E, de facto – não de jure -, as razões de Estado são uma espécie de albergue onde cabe tudo o que interessa a Portugal, nem que isso seja um atropelo às regras de um Estado de Direito. Ou seja, permite que se lavre a sentença antes da averiguação dos factos. Primeiro arquiva-se e depois articula-se juridicamente os argumentos que sustentem esse mesmo arquivamento. Simples.

Num Estado de Direito uma das regras fundamentais é dar à política o que é política e aos tribunais o que é dos tribunais. Em Portugal nada disso é assim. A promiscuidade é tal que, cada vez mais, os tribunais fazem política e a política investiga e dá sentenças.

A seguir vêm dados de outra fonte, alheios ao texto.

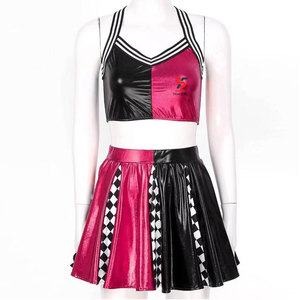 Tenue de cheerleading professionnelle pour équipe, confort ultime, tissu extensible facile, look sportif et tendance - Product Image 3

A favor do julgamento de Manuel Vicente

Entretanto, relembre-se, decorreu uma petição pública que consubstanciava uma campanha mundial a favor do julgamento de Manuel Vicente, procurando que as autoridades portuguesas – segundo o texto da petição – “não sucumbam à pressão da tirania angolana”.

Numa clara alusão de que pretende continuar no mesmo caminho antidemocrático do seu antecessor, demonstrando incapacidade de entender a separação de poderes da democracia, o actual Presidente da República de Angola, João Lourenço, aumentou os decibéis da pressão politica sobre as autoridades de Portugal, para que não fosse realizado o julgamento de Manuel Vicente.

“A sociedade civil repudia esta atitude retrógrada de João Lourenço, e encoraja as autoridades judiciais portuguesas para que prossigam o curso normal do processo. Não descuramos o direito de ampla e extensa defesa para o acusado, condição indispensável para um julgamento justo”, lê-se na petição.

De facto, se Manuel Vicente não cometeu os crimes de que vem sendo acusado — corrupção e falsificação de documentos — pode e deve estar tranquilo e deve defender-se nos locais próprios, os tribunais.

“Reafirmamos o nosso apoio ao trabalho da justiça portuguesa porque é nossa convicção profunda de que, o avanço civilizacional de Portugal contribuirá para que Angola um dia seja uma democracia, e abraçará os valores universais dos direitos humanos e da separação de poderes”, diziam os mentores da petição.

E acrescentavam: “Se Portugal arquivar este processo, será uma vergonha para o povo luso. E se traduzirá em deboche diante dos parceiros europeus e do mundo livre e civilizado no sentido cosmopolita. Esperamos que haja consciência colectiva em Portugal de que Angola é um perigo real e factível à vossa democracia”.